Provided material –
--------------------------------------------------

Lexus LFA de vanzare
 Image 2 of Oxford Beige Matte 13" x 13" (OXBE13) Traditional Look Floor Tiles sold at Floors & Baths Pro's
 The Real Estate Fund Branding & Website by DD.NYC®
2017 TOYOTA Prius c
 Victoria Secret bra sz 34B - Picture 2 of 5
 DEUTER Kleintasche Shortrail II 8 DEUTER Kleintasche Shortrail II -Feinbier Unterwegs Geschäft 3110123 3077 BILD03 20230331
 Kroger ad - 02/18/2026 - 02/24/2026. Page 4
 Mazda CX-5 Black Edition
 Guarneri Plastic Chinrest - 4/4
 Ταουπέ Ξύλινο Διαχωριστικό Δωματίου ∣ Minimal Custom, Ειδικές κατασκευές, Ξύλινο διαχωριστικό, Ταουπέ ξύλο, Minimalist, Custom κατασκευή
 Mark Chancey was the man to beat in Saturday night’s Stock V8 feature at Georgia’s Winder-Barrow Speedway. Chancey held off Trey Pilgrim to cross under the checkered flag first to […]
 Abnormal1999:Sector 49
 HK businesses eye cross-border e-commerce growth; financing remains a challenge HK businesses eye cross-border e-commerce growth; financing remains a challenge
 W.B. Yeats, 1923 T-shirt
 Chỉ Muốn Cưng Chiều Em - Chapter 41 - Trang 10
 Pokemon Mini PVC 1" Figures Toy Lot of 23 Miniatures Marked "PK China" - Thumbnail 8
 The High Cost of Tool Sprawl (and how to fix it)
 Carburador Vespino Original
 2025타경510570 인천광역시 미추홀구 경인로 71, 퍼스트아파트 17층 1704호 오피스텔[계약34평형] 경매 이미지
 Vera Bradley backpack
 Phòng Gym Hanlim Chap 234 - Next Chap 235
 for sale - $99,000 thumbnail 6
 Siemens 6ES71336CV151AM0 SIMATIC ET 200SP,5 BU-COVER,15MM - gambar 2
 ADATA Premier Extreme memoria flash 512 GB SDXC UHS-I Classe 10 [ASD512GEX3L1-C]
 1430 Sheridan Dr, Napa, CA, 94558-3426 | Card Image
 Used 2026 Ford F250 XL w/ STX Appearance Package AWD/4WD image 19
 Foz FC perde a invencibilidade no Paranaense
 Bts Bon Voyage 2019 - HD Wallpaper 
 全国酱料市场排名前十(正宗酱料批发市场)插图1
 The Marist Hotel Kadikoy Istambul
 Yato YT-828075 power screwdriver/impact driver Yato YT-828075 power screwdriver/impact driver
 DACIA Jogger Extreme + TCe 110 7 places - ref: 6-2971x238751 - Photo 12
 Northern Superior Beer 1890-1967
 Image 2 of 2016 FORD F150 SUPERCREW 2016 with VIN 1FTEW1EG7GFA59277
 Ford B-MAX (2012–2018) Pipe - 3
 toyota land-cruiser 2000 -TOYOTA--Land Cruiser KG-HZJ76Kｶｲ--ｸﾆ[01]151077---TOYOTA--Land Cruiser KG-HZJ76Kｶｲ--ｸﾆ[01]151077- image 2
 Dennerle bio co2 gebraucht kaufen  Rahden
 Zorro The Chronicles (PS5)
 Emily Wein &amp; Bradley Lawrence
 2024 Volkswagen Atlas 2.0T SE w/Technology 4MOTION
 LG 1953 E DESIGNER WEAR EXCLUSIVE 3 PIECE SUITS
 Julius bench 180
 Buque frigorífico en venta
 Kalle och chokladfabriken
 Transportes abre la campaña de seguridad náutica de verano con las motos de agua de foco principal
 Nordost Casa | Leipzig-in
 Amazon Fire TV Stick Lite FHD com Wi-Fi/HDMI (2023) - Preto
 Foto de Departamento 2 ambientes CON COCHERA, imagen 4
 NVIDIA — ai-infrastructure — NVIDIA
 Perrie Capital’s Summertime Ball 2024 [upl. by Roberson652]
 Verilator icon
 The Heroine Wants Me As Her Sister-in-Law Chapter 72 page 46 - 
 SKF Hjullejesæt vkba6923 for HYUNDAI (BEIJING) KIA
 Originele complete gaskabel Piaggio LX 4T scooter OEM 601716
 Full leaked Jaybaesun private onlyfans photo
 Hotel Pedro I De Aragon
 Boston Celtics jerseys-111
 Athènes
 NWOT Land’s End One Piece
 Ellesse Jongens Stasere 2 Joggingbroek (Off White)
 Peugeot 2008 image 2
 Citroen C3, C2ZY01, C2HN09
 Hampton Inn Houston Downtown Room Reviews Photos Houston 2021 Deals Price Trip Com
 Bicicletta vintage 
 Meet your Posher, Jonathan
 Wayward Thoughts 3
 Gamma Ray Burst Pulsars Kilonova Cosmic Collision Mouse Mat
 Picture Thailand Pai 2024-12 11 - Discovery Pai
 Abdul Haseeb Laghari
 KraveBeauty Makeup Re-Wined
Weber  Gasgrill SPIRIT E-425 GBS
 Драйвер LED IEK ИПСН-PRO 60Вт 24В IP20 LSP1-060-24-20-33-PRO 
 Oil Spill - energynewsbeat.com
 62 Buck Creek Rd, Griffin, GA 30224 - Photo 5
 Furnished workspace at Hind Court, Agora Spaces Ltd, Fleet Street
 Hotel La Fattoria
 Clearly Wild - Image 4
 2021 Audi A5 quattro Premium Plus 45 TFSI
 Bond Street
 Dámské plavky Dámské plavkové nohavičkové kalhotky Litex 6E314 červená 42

--------------------------------------------------

Your task –
Would you quote everything above from the line containing "Gamma Ray Burst" down to the line containing "62 Buck Creek"? Include both of those lines and nothing else.

Written solution –
 Gamma Ray Burst Pulsars Kilonova Cosmic Collision Mouse Mat
 Picture Thailand Pai 2024-12 11 - Discovery Pai
 Abdul Haseeb Laghari
 KraveBeauty Makeup Re-Wined
Weber  Gasgrill SPIRIT E-425 GBS
 Драйвер LED IEK ИПСН-PRO 60Вт 24В IP20 LSP1-060-24-20-33-PRO 
 Oil Spill - energynewsbeat.com
 62 Buck Creek Rd, Griffin, GA 30224 - Photo 5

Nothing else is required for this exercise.